Almost exactly midway through ‘Relaxer’, at the culmination of primal, yelping highlight ‘Hit Me Like That Snare’, the instrumentation cuts out, leaving the three members of alt-J chanting its repeated final refrain: “Fuck you / I’ll do what I wanna do”. Not just a defiant call to arms, it feels like the motto the band have quietly been muttering their entire careers. Impossible to pigeonhole and resolutely determined to beat to their own drum, alt-J have been pulling the rug from under the established mainstream path since the beginning. Hell, they’ve single-handedly brought the archaic musical round (separate voices starting the same phrase at different times and pitches) from the classroom songbook into the charts. And on album three, they’re on even more singular form than ever.
If a modern band of their festival-headlining size have pulled as ballsy and weird a move as opener ‘3WW’ in recent years, then we’re yet to hear it. With the world’s ears awaiting their return, the trio opt to open their third record with a track seemingly lifted straight out of the 18th Century. The first voice we hear on the record isn’t singer Joe Newman, but keyboardist Gus Unger-Hamilton, intoning about “a wayward lad” like a feather-capped minstrel telling us the tales of yore. All he’s missing is a lute.
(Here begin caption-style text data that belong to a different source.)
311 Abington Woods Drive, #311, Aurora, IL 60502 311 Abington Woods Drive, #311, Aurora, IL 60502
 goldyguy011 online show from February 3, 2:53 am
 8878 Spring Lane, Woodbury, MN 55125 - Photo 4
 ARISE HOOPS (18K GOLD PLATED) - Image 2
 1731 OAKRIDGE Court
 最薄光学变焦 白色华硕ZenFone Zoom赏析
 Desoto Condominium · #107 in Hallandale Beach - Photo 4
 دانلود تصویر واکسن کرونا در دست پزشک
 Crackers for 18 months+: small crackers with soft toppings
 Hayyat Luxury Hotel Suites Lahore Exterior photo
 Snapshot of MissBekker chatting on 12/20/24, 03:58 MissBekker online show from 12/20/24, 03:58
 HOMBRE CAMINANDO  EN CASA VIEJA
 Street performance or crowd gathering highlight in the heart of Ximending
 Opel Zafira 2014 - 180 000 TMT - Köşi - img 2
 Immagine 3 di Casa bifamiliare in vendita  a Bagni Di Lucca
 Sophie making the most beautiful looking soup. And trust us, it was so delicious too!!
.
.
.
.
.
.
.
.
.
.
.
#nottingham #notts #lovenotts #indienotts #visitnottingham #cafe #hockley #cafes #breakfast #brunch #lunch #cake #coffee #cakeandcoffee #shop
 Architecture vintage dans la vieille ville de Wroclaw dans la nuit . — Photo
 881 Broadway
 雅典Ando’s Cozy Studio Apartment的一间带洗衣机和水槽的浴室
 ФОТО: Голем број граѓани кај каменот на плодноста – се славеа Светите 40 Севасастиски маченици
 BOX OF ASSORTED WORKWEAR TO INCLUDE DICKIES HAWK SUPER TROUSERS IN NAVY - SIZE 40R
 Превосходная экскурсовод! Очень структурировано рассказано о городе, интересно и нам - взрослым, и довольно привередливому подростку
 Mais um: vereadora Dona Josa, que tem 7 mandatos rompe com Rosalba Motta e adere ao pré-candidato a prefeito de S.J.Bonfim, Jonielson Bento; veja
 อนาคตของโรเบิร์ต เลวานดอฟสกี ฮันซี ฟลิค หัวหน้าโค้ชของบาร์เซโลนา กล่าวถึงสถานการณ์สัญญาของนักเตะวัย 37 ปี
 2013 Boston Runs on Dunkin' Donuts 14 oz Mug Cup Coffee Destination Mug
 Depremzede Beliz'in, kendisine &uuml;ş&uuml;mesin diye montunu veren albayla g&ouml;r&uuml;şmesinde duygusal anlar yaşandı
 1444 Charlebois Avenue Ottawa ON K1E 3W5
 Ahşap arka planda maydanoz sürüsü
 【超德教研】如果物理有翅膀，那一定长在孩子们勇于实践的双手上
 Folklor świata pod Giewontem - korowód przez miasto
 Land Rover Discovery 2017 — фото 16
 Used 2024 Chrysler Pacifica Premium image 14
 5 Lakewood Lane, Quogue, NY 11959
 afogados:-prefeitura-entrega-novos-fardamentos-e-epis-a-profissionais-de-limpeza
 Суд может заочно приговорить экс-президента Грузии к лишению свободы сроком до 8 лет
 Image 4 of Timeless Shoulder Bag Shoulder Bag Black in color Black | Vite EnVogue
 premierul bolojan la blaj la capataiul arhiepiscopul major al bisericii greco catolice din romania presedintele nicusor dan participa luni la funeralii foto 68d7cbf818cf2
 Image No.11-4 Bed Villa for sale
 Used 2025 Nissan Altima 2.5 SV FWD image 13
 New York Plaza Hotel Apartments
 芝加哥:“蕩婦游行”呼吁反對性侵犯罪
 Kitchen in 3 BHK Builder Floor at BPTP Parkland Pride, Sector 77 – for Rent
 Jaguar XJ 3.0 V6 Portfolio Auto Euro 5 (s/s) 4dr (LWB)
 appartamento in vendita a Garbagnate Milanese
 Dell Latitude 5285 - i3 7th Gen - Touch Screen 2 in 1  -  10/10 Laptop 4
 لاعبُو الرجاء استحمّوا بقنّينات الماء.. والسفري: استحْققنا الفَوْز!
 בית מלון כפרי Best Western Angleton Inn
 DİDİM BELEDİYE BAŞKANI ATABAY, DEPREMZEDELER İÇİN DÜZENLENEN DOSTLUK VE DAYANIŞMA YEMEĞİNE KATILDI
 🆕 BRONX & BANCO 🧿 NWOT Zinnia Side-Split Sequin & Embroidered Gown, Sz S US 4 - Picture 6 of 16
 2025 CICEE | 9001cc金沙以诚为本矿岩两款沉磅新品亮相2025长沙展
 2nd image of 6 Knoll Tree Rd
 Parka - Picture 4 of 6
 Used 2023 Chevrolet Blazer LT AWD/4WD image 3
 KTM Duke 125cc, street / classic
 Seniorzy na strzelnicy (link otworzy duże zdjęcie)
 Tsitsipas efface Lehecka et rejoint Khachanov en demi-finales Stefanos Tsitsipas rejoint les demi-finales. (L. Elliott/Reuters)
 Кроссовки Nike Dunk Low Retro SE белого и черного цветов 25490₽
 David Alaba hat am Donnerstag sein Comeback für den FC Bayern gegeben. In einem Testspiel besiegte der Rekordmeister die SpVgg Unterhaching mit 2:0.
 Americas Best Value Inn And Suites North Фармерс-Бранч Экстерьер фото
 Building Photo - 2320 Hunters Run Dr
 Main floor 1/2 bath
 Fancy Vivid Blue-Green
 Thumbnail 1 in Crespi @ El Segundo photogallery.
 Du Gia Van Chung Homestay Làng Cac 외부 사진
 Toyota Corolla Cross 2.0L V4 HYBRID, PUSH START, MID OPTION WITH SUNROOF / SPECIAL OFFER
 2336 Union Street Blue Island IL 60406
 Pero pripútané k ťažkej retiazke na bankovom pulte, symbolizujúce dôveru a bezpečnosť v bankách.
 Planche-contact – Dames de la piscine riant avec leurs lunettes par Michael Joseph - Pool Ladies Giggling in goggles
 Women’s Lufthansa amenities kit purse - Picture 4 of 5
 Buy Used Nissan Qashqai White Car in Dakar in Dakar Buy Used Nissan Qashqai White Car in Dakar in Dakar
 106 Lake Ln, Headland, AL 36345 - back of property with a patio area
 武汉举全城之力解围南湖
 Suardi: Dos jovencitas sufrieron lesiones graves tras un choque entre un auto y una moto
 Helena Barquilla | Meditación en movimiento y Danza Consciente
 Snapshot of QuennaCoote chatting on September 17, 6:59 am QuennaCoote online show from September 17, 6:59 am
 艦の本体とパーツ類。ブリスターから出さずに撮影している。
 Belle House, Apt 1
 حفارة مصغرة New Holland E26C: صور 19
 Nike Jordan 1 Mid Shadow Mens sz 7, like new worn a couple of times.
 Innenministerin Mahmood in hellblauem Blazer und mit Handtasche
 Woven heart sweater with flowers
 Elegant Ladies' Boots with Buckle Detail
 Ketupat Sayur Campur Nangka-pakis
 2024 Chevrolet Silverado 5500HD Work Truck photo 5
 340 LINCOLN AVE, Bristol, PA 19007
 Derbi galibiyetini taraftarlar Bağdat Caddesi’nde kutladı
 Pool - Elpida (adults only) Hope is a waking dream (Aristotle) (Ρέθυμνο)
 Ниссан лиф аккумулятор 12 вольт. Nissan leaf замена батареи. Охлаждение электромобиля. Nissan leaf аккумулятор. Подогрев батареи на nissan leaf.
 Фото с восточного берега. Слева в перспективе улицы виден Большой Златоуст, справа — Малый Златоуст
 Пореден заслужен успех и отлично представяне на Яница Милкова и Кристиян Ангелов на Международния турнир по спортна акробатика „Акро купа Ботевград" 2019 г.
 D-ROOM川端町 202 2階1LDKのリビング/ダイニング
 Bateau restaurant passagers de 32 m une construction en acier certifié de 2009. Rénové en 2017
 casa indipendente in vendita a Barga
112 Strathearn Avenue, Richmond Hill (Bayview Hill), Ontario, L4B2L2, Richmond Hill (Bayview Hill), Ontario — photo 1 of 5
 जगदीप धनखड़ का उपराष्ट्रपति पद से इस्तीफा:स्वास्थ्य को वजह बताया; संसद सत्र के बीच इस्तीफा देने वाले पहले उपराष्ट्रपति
‘In Cold Blood’ finds Newman spitting out the “0”s and “1”s of the computer binary code before throwing in some crunching beats, trademark “la la la la la la”s and oblique lyrical webs about swimming pools. It’s alt-J at their most alt-J and it’s marvellous. Then comes a slow, mournful cover of The Animals’ ‘House Of The Rising Sun’, backed by twenty, fluttering classical guitarists, just to slap your wrists for thinking you had them pegged.
‘Hit Me Like That Snare’ is like ‘The Monster Mash’ as reimagined by Radiohead; ‘Deadcrush’ opens on undulating beats and breathy pants before unravelling into a writhing, snaky, sexy thing that could happily soundtrack any of 50 Shades’ more leather-based scenes; ‘Adeline’ is stripped and fragile, before cloaking itself in layers of strings. By the time we reach the Marika Hackman-featuring acoustic lullaby of ‘Last Year’ and the tumultuous, theatrical crescendo of ‘Pleader’, alt-J have covered more bases in eight songs that most could do in an entire ‘Best Of’.
On ‘Relaxer’, alt-J sound utterly, wonderfully like no one but themselves. If there’s a slew of imitators (comedic or otherwise) reaching for a piece of the pie, it’s only because the trio have crafted possibly the most strangely original niche in modern music. ‘Relaxer’ could be an ‘Into The Woods’-style musical soundtrack, or a concept album around a pagan ritual. What’s more ridiculous is that a record as beguilingly odd as this is actually just a regular release from a major artist.